Die Studierenden evaluierten das Stationen-Konzept signifikant besser bezüglich ihrer Einschätzung, gut für die klinische Praxis vorbereitet zu sein, obwohl die Einschätzung ihrer Fähigkeit, die wesentlichen Untersuchungsschritte durchzuführen, zwischen den Gruppen keinen Unterschied zeigte. Wir vermuten, dass die Schaffung eines klinischen Kontext mittels kurzer klinischer Vignetten als Einführung für jede Station im adaptieren Skript dazu beigetragen hat, da in der klinischen Praxis nur eine Auswahl der 59 Tests bei einem Patienten - in Abhängigkeit von seinen aktuellen Beschwerden - nötig ist. Das bedeutet bereits einen Schritt in Richtung des Hypothesen-orientierten Ansatzes der NU [9].

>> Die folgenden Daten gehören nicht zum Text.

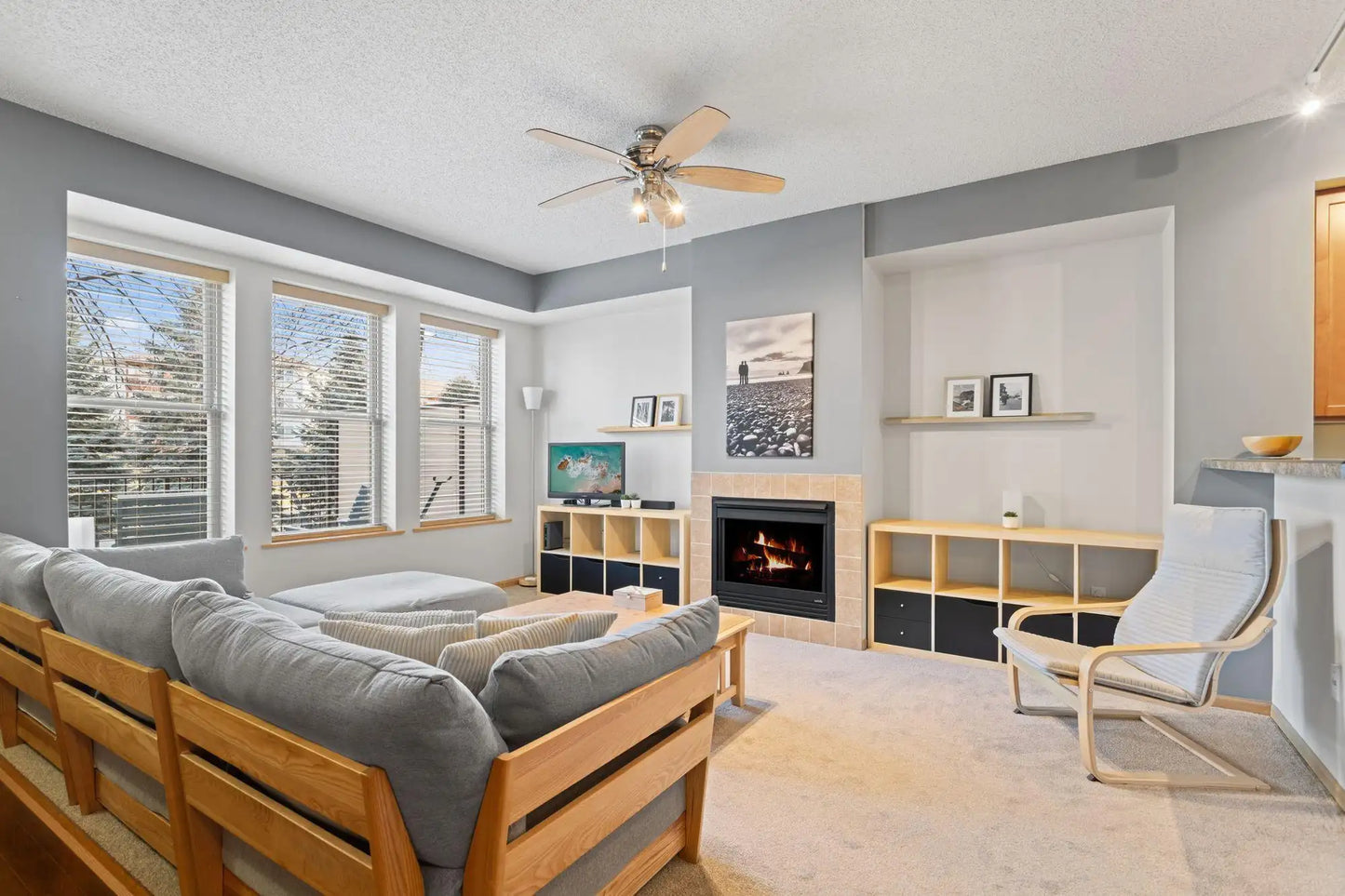 150 Burnsville Parkway, Burnsville, MN 55337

Darüber hinaus könnte auch die Strukturierung der anfänglich überwältigenden Menge an neurologischen Tests in kleinere Einheiten zu der verbesserten Gesamt-Evaluation beigetragen haben. Diese Schlussfolgerung wird durch die signifikant bessere Evaluation des Untersuchungsskriptes unterstützt, dass bezüglich Inhalt mit dem Skript des traditionellen Konzeptes identisch war, aber in seiner Struktur an das Stationen-Konzept angeglichen wurde.

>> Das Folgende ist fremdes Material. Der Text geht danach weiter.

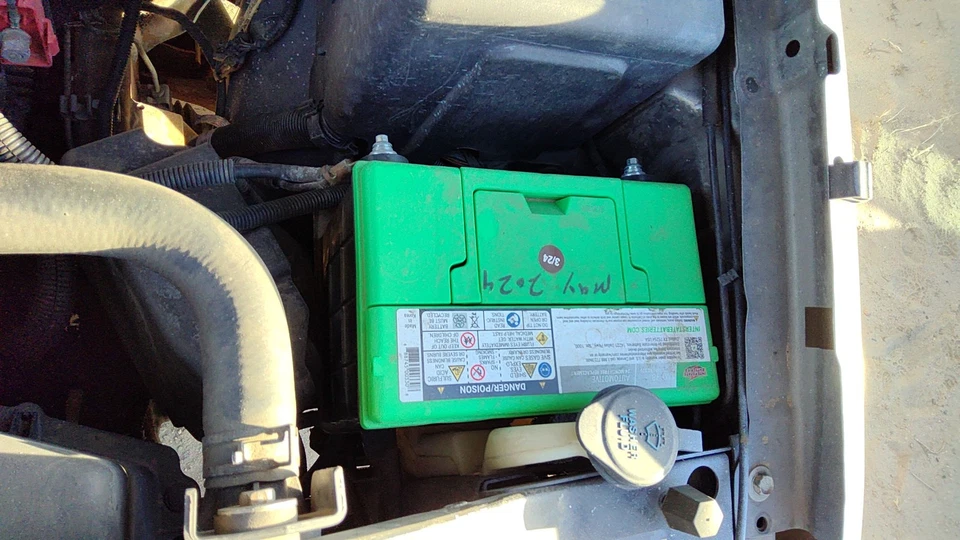 Chevy Suburban 2000-2006 bandeja de montaje en caja de batería completa con sujeción OEM 5,3 L Foto 1 de 3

Diese Studie hat Einschränkungen. Wir haben nicht die Ausgangsfertigkeiten der Teilnehmer bestimmt. Da aber das Fach Neurologie nur an diesem einen Zeitpunkt in unserem Curriculum unterrichtet wird, gingen wir davon aus, dass die Teilnehmer dieser Studie bezüglich ihrer vorherigen neurologischen Kenntnisse und Erfahrungen keine Unterschiede aufweisen würden. Wir nutzen kumulierte Selbsteinschätzungen und Evaluationen der Studierenden als Outcome-Parameter, so dass wir nicht zeigen konnten, ob die Studierenden bessere Fertigkeiten in der Durchführung der neurologischen Tests erreichten, was üblicherweise mit einer OSCE überprüft wird. Frühe Studien von Anderson et al [22] haben jedoch gezeigt, dass gute Korrelationen zwischen kumulativen Selbsteinschätzungen von neurologischen Fertigkeiten mit Ergebnissen von OSCEs bestehen. Zudem wurde diese Studie auch gerade deshalb durchgeführt, um eine faire Grundlage für eine OSCE zu gewährleisten, da im traditionellen Konzept offensichtliche Unterschiede hinsichtlich der Lehrqualifikationen existierten. Wir konnten weiterhin mit Hilfe der Gruppengröße, die zwischen den beiden Konzepten gleich blieb und ähnliche Ergebnisse in der Evaluation beider Konzepte ergab, zeigen, dass die Evaluation und die Selbsteinschätzung verlässliche Methoden sind, um zwischen unveränderten und veränderten Ergebnissen zu differenzieren. Die hohe Bewertung der Motivation und des Engagements der Assistenzärzte könnte teilweise durch den Hawthrone-Effekt erklärt werden, aber die kontinuierlich exzellente Evaluierung des jetzt fest implementierten Stationen-Konzeptes in unserer Klinik deuten auf ein reales Ergebnis.


Schlussfolgerung

Das Stationen-Konzept erwies sich als eine erfolgreiche Unterrichtsmethode, die im Vergleich zu dem traditionellen Konzept zu einer verbesserten Selbsteinschätzung der Studierenden in Bezug auf den Lernerfolg führte, insbesondere in den Bereichen, die als komplexer eingeschätzt wurden. Zudem bietet es insbesondere für klinisch und didaktisch weniger erfahrene Assistenzärzte durch die Reduktion des Lehrinhalts, eine basale didaktische Unterstützung und der Ermöglichung des wiederholten Unterrichtens desselben Inhalts, eine gute Möglichkeit, ihre didaktischen Fertigkeiten zu verbessern. Der Aufwand, einen traditionellen NU-Kurs in einen Stationen-Kurs zu überführen, ist relativ gering, schafft aber die Voraussetzungen für eine faire Überprüfung der Studierenden in einer OSCE. In unserer Abteilung haben wir das Stationen-Konzept erfolgreich fortgeführt und eine OSCE für das nächste Semester fertig gestellt, welche dann zusätzlich zur theoretischen Multiple-Choice-Prüfung zu einer besseren Abbildung des Faches Neurologie führen soll. Da die NU einen grundlegenden und unverzichtbaren Schritt bei der Diagnoseerstellung und Behandlung von Patienten mit neurologischen Erkrankungen darstellt, kann dieses neue Unterrichtskonzept ein zusätzlicher effektiver Schritt sein, Neurologie für Studierende attraktiver zu machen.


Anmerkung

In diesem Artikel gelten grammatikalisch maskuline Personenbezeichnungen gleichermaßen für Personen männlichen und weiblichen Geschlechts.


Interessenkonflikt

Die Autoren erklären, dass sie keine Interessenkonflikte im Zusammenhang mit diesem Artikel haben.